Sa peinture fauve aboutit rapidement à une rare violence des couleurs, soutenue pourtant par un extraordinaire lyrisme. La violence de sa réaction « anti-culturelle » le conduit dès 1911 à une réaction anti-académique, dénommée par lui-même « primitivisme ». Le « primitivisme » signifie pour Larionov la négation des canons académiques de la représentation, le recours au « dessin libre », l’appel à une glorification de ce qui auparavant était considéré comme « a-culturel » : la « laideur » expressionniste et l’imagerie populaire. Son talent coloriste le conduit à ce moment à un premier sommet, dont témoignent certaines peintures presque monochromes de l’année 1912 et une remarquable série de portraits à l’encre de chine.

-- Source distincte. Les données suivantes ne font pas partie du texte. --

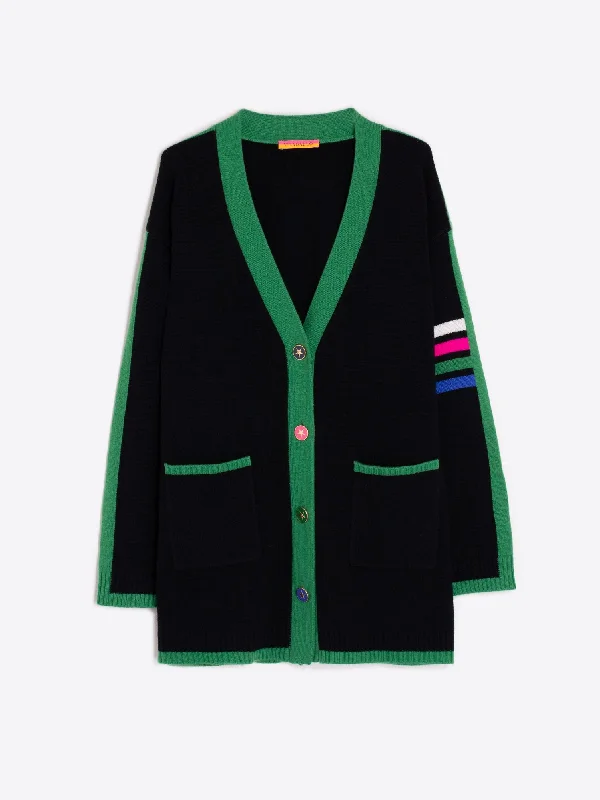 cable knit women cardigan with intricate patternsKnitwear Cardigan | Black Green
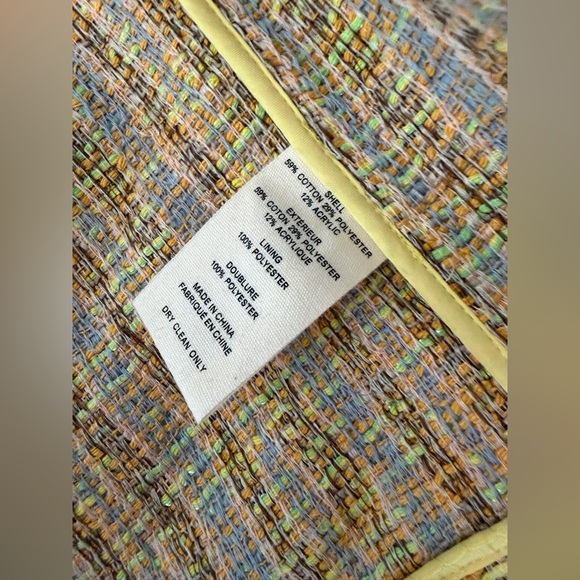 L’AGENCE Tinlee Blazer in Yellow Multi Tweed open front jacket Chanel-like, sz 0 - Picture 13 of 17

Adepte enthousiaste de l’esthétique futuriste, prônant l’énergie vitaliste de la forme, Larionov se lance à la fin 1911 à l’exploration de la projection vitaliste des couleurs, ce qu’il va définir quelques mois plus tard comme « rayonnisme ». Refusant de peindre le monde extérieur, il se lance à représenter la charge potentielle des couleurs et leur interaction virtuelle avec l’espace : les rayons qui en émanent. Parallèlement à Kandinsky, avec lequel il entretient des rapports amicaux, il produit une peinture abstraite qui se situe dans la même lignée « emphatique » que l’abstraction spirituelle du maître russe de Munich. La peinture de Larionov a ceci de particulier qu’elle tient compte des données proprement physiques du matériau pictural : texture et charge dynamique de la couleur. En ceci, Mikhail Larionov apparaît comme le précurseur de la future peinture constructiviste russe, dont il annonce la problématique dès 1912. Sa plaquette « Le rayonnisme » porte la date juin 1912, mais elle est publiée seulement au printemps 1913 à l’occasion de la première présentation massive de ses œuvres rayonnistes. Ses œuvres rayonnistes, tributaires au début du thème figuratif, s’orientent rapidement vers des structures pures, abstraites. Le « rayonnisme pneumatique », auquel il aboutit durant l’hiver 1913-1914, est de nature purement abstraite. Ensemble avec le futuriste Zdanevic, il publie à la fin 1913 un manifeste de « peinture corporelle ». Son action sociale est à ce moment au zénith de la popularité, tandis que sa peinture a atteint également le point extrême de son cheminement : l’abstraction pure. Larionov apparaît à ce moment comme le maître d’une véritable école rayonniste.
Au sommet de l’épanouissement de son art de la couleur, ensemble avec Gontcharova il présente en juin 1914 sa peinture rayonniste à Paris. Ce sera l’exposition inaugurale de la Galerie Paul Guillaume. Le poète Apollinaire écrira le texte du catalogue. L’œuvre de Larionov est connue à ce moment en Allemagne également, où Herwart Walden l’avait présentée à Berlin dès l’automne 1913.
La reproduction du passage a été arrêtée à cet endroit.